NBA Shooting Patterns and Defensive Performance Analysis

Overview

This project investigates shooting patterns and defensive performance in NBA games during the 2014-2015 season. By analyzing shot logs, we aim to understand key aspects such as shooting efficiency, defensive impact, and the prevalence of outliers. Our analysis provides insights that could aid coaches and team management in strategic decision-making.

Key Questions

  1. Shooting Efficiency:

    • How efficient were players in making their shots?
    • Were there trends based on shot distance, shot clock, or defender proximity?
  2. Defensive Impact:

    • What was the effect of the closest defender on shooting percentages?
    • What insights can be derived from defensive strategies employed by teams and players?
  3. Outlier Detection:

    • How prevalent were outliers and how did they affect the analysis?
    • How should outliers be addressed to ensure data integrity?

Project Pipeline

Data Loading

  • Read data from shot_logs.csv into a pandas DataFrame.

Data Preprocessing

  • Handle null values using forward filling.
  • Replace negative values in the TOUCH_TIME column with the mean of positive values.
  • Remove unnecessary columns (e.g., FGM which duplicates SHOT_RESULT).
  • Perform label encoding on categorical columns.
  • Convert GAME_CLOCK to seconds.
  • Optionally handle outliers by calculating and removing values outside the lower and upper bounds.

Data Visualization

  • Generate correlation heatmaps and correlation circle plots to explore relationships between features.
  • Detect and visualize outliers using box plots.

Prediction Models

  • Split data into 75% training and 25% evaluation sets.
  • Train and evaluate four different models: Logistic Regression, Random Forest, K-Nearest Neighbors (KNN), and Gradient Boosting.

Map-Reduce Operations

  • Implement two Map-Reduce tasks using PySpark:
    1. Identify the most scoring players in the last 30 seconds of the last quarter.
    2. Identify top shot players who scored 3 points with 0 dribbles.

Analysis and Solutions

Data Preprocessing

  • Handling Null Values: Fill null values with forward filling.
  • Handling Negative Touch Time: Replace negative values with the mean of positive values.
  • Removing Unnecessary Columns: Drop the FGM column.
  • Label Encoding: Encode the W column as binary (1 for W, 0 for L).
  • Time Conversion: Convert GAME_CLOCK to seconds.
  • Outlier Handling: Remove outliers based on calculated bounds.

Visualization Insights

Correlation Heatmap

The heatmap uses color to represent the strength of correlations between features.
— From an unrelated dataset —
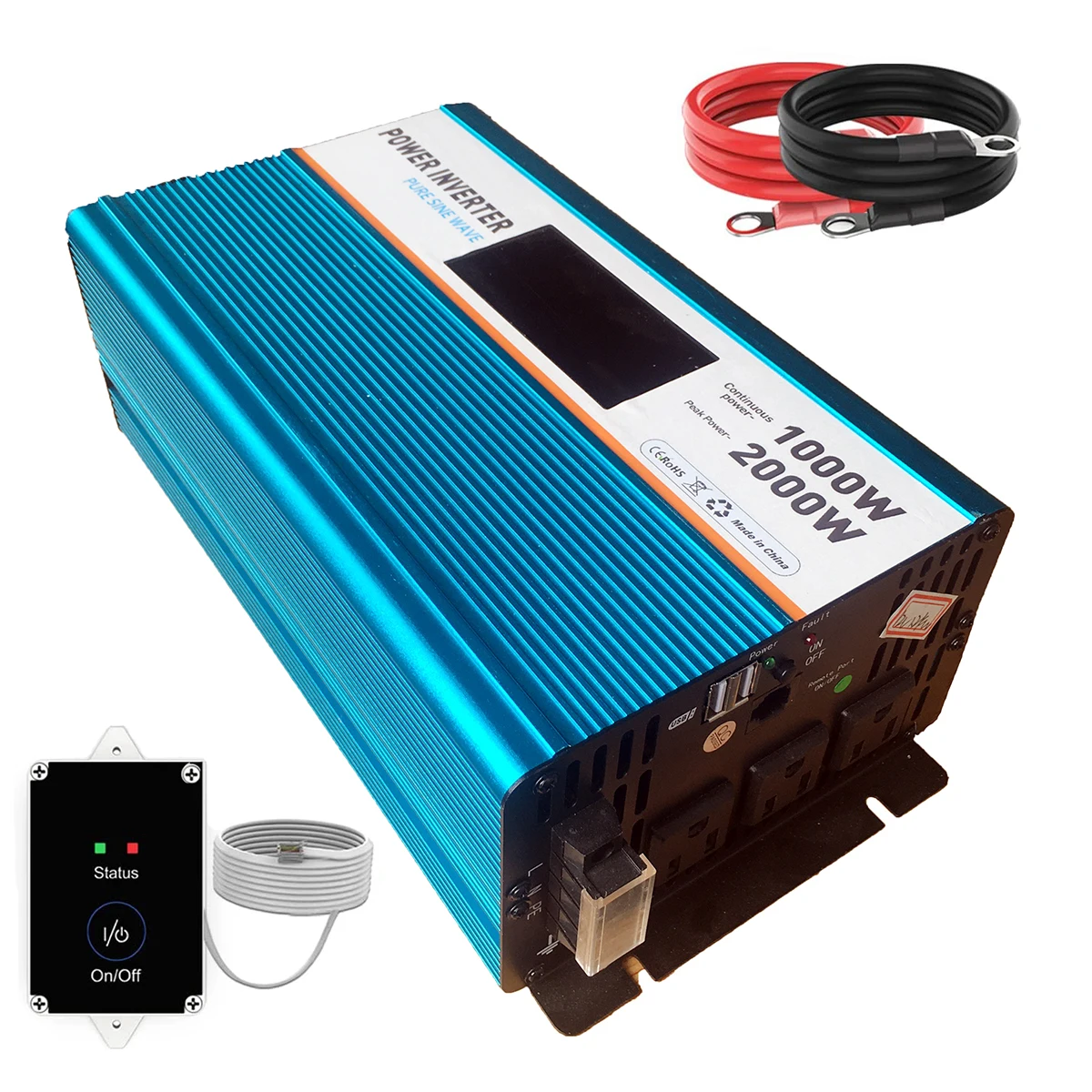 

True 1000W peak 2000W Pure sine wave power inverter DC 12V to AC 110V 120V 230V 240V 2 USB port car charger LCD Display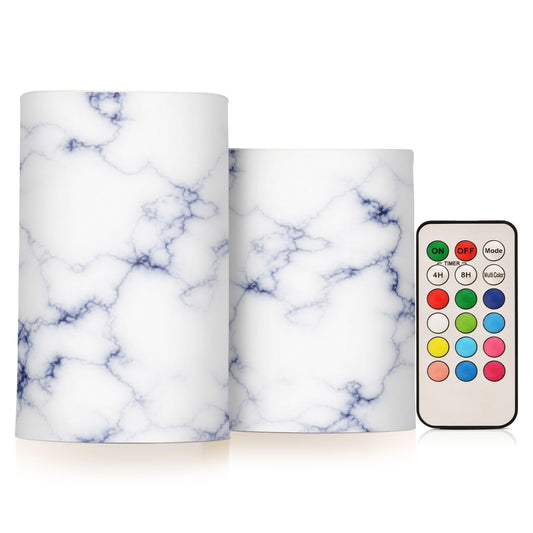 KGLDSNM Navy Marble Pattern LED Flameless Flickering Candle with Remote Timer Battery Operated for Indoor Outdoor Party Holiday Home Decor 2 Pack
Darker colors indicate weaker correlations.

Interesting Insight

Shots made from over 23.9 yards count as 3 points. If fouled and scored, players earn an extra free throw. This explains why about 8% of shots from less than 23.9 yards are recorded as 3 points.

Correlation Circle Plot

The plot visually represents relationships between features. Closer points indicate stronger correlations. The plot helps understand the interplay between different features.

Outlier Detection

Visualize outliers using box plots to identify and handle anomalies in the data.

Model Training

Logistic Regression

Train a logistic regression model and evaluate its performance.

Random Forest

Train a random forest model and evaluate its performance.

K-Nearest Neighbors (KNN)

Train a KNN model and evaluate its performance.

Gradient Boosting

Train a gradient boosting model and evaluate its performance.

Map-Reduce

Task 1: Scoring in the Last 30 Seconds

Use PySpark to implement a Map-Reduce function to identify the top scoring players in the last 30 seconds of the last quarter.

Task 2: Top 3-Point Scorers with 0 Dribbles

Use PySpark to implement a Map-Reduce function to identify top players who scored 3 points with 0 dribbles.